Given that ip6 and tcp port 17 generates
(000) ldh [12]
(001) jeq #0x86dd jt 2 jf 9
(002) ldb [20]
(003) jeq #0x6 jt 4 jf 9
(004) ldh [54]
(005) jeq #0x11 jt 8 jf 6
(006) ldh [56]
(007) jeq #0x11 jt 8 jf 9
(008) ret #262144
(009) ret #0
for Ethernet, I don't see why similar code couldn't be produced for ip6 and tcp[tcpflags] & (tcp-syn) != 0, as both tcp port 17 and tcp[tcpflags] & (tcp-syn) != 0 test a single field in the TCP header.
Neither of those iterate over IPv6 headers; few if any in-kernel BPF implementations allow unbounded loops - the loop isn't really unbounded, as it advances forward through IPv6 headers and would eventually stop when it runs out of packet data, but the BPF code in the kernel doesn't know that.
"expression rejects all packets" is only produced if the optimizer is used, which it is by default in tcpdump.
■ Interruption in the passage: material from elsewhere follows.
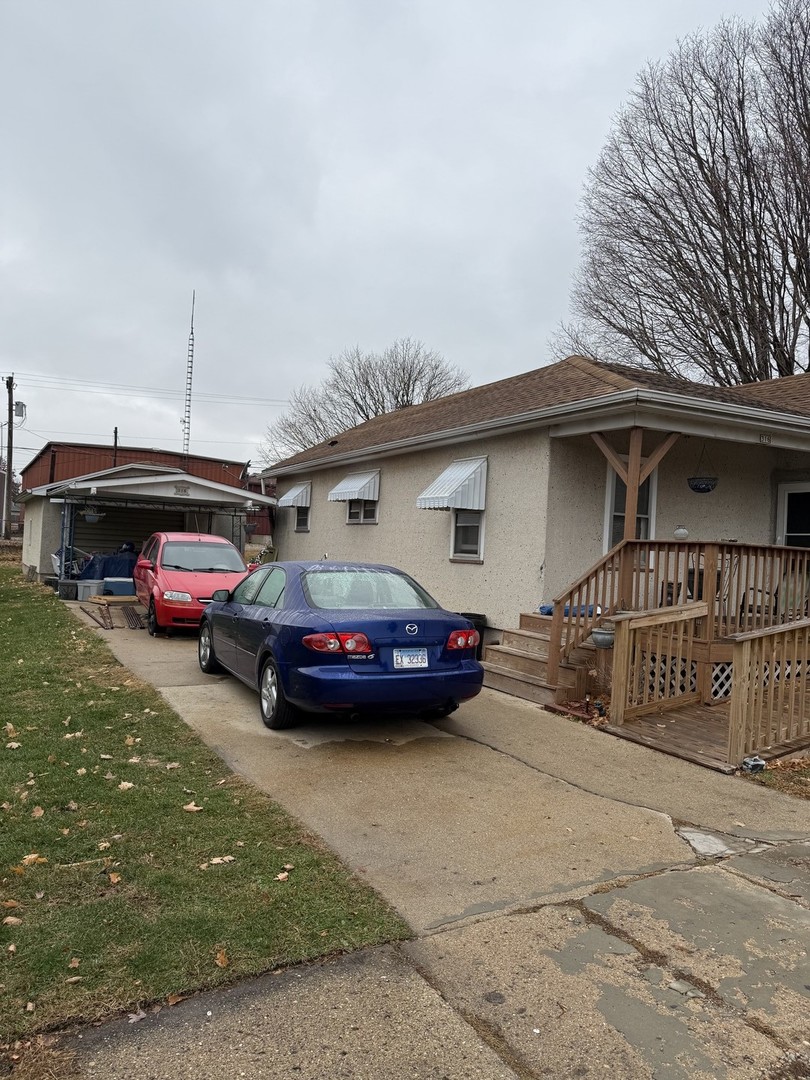 316 N La Salle Avenue, Ladd, IL 61329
The un-optimized code generated for ip6 and tcp[tcpflags] & (tcp-syn) != 0 begins with
(000) ldh [12]
(001) jeq #0x86dd jt 2 jf 39
(002) ldh [12]
(003) jeq #0x800 jt 4 jf 39
(004) ldh [12]
(005) jeq #0x800 jt 6 jf 8
(006) ldb [23]
(007) jeq #0x6 jt 16 jf 8
which is pretty much if ip6 && ip && ip which is obviously not going to accept any packets.
The un-optimized code generated for ip6 and tcp port 17, however, begins with
(000) ldh [12]
(001) jeq #0x86dd jt 2 jf 23
(002) ldh [12]
(003) jeq #0x86dd jt 4 jf 10
(004) ldb [20]
(005) jeq #0x6 jt 6 jf 10
which avoids those bogus tests for IPv4. Whatever's causing those bogus tests may be the sole cause of the problem. (And even the ip6 and tcp port 17 code is testing the Ethertype twice for 0x86dd, which is pointless.)
I don't see why similar code couldn't be produced for ...
But the general case is more complicated, as both the LHS and RHS of the comparison operator in "expr1 relop expr2" can be fairly arbitrary expressions, with some being above the network layer and some being below the network layer, so a straightforward code generator would have to emit
if (ipv6)
load TCP header data assuming an IPv6 header (and no extension headers)
else
load TCP header data assuming an IPv4 header
for every TCP data fetch. and similar code for UDP or other transport-layer fetches. The current optimizer might not work well with that.